Top of ENTRIES SHOWN

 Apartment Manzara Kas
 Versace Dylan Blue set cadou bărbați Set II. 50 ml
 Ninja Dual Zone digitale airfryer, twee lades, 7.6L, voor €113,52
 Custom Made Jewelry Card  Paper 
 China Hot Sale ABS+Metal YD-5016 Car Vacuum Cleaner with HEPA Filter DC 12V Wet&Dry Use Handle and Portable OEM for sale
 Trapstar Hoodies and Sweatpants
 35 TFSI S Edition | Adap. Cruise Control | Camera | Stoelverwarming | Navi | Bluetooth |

Bottom of ENTRIES SHOWN
Top of ENTRIES SHOWN

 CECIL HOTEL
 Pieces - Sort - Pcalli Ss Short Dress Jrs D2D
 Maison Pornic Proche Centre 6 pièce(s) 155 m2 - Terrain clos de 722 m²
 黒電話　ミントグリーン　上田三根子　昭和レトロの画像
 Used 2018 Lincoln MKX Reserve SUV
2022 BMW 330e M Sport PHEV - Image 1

Bottom of ENTRIES SHOWN

DESCRIPTION OF THE TASK: Set down, from the entries above, exactly the lines from the one with "China Hot Sale" up to and including the one with "35 TFSI S Edition", and no other lines.

PROBLEM SOLUTION:
 China Hot Sale ABS+Metal YD-5016 Car Vacuum Cleaner with HEPA Filter DC 12V Wet&Dry Use Handle and Portable OEM for sale
 Trapstar Hoodies and Sweatpants
 35 TFSI S Edition | Adap. Cruise Control | Camera | Stoelverwarming | Navi | Bluetooth |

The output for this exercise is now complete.